Friday, July 28, 2006

Who is Floyd Landis?

I didn't know the name until a few days before he won the Tour de France. Of course, now he's all over the news thanks to his having tested positive for unusual levels of epitestosterone.

This pre-Tour Washington Post profile is interesting. Landis comes from eastern Pennsylvania and was raised in a Mennonite community. Cycling was his escape.
Bike riding was freedom, the most freedom he had ever felt. And, as he found when he was 16 and won the first race he ever entered, he was awfully good at it.

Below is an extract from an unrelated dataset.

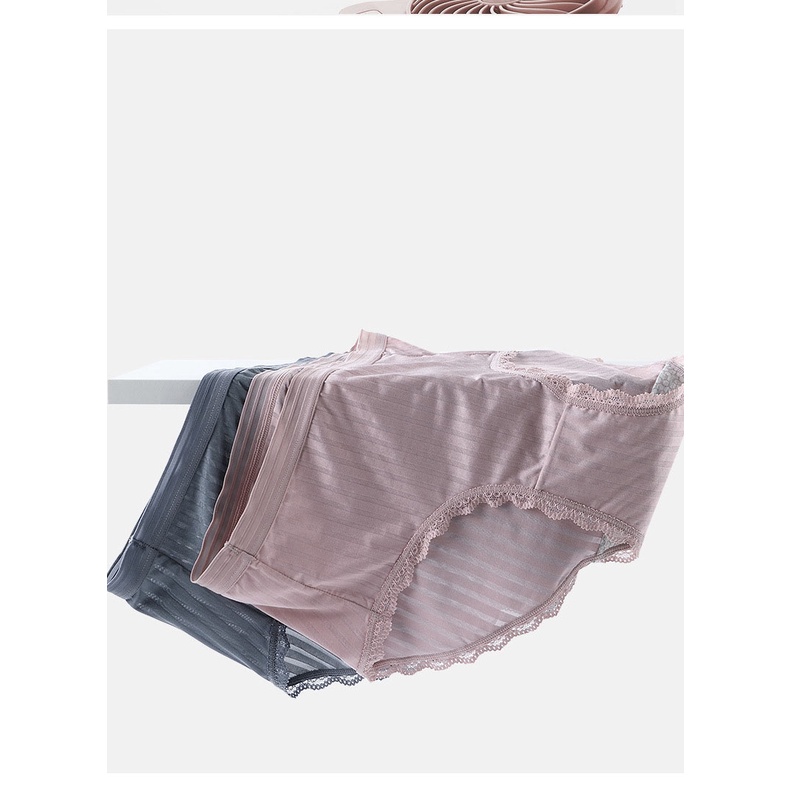 Quần Lót Bigsize Họa Tiết Lưới Sọc Lụa Lạnh 55-100kg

Cycling was also a way to put his growing frustrations with his family's lifestyle behind him.
If Landis can put this scandal behind him (and that seems unlikely) there's a film in his story.
Landis long ago reconciled with his parents. In 2004 they took their first trip overseas to witness the peloton racing up a peak in the Pyrenees. There the route was clotted with screaming, liquored-up, flag-draped Basques, who had poured in from Spain by the busload. Amid this rowdiness, clustered together in their high-necked frocks and crisp white bonnets, sat Landis's mother, Arlene, and three of his sisters, holding up a hand-painted banner. On it was the modest assertion: "We Support Floyd Landis."
I just don't understand why he would have taken drugs. Surely he must have known he'd test positive. And, if he didn't take drugs, is it possible to duplicate the effort he put in on Stage 17 and then test him again? Is there any possible natural explanation?

Anyway, Simon Barnes of the Times (London) says the sport of cycling is finished.